### Data to use

——————————

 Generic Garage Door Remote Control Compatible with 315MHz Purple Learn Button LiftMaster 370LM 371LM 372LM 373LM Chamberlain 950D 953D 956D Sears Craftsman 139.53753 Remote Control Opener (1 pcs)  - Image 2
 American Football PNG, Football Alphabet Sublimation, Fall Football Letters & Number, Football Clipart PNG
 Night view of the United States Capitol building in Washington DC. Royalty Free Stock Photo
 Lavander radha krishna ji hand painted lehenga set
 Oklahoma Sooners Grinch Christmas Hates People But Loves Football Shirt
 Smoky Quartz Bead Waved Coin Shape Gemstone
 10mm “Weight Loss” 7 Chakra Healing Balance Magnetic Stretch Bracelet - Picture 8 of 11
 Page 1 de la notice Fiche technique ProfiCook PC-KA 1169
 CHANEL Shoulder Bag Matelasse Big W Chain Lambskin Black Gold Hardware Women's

——————————

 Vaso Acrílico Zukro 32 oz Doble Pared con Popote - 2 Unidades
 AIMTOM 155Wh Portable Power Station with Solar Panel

——————————

### Problem description
In the listing above, locate the line containing "Lavander radha krishna" and the line containing "CHANEL Shoulder Bag". Transcribe those two lines and everything between them, exactly as written.

### Exercise output
 Lavander radha krishna ji hand painted lehenga set
 Oklahoma Sooners Grinch Christmas Hates People But Loves Football Shirt
 Smoky Quartz Bead Waved Coin Shape Gemstone
 10mm “Weight Loss” 7 Chakra Healing Balance Magnetic Stretch Bracelet - Picture 8 of 11
 Page 1 de la notice Fiche technique ProfiCook PC-KA 1169
 CHANEL Shoulder Bag Matelasse Big W Chain Lambskin Black Gold Hardware Women's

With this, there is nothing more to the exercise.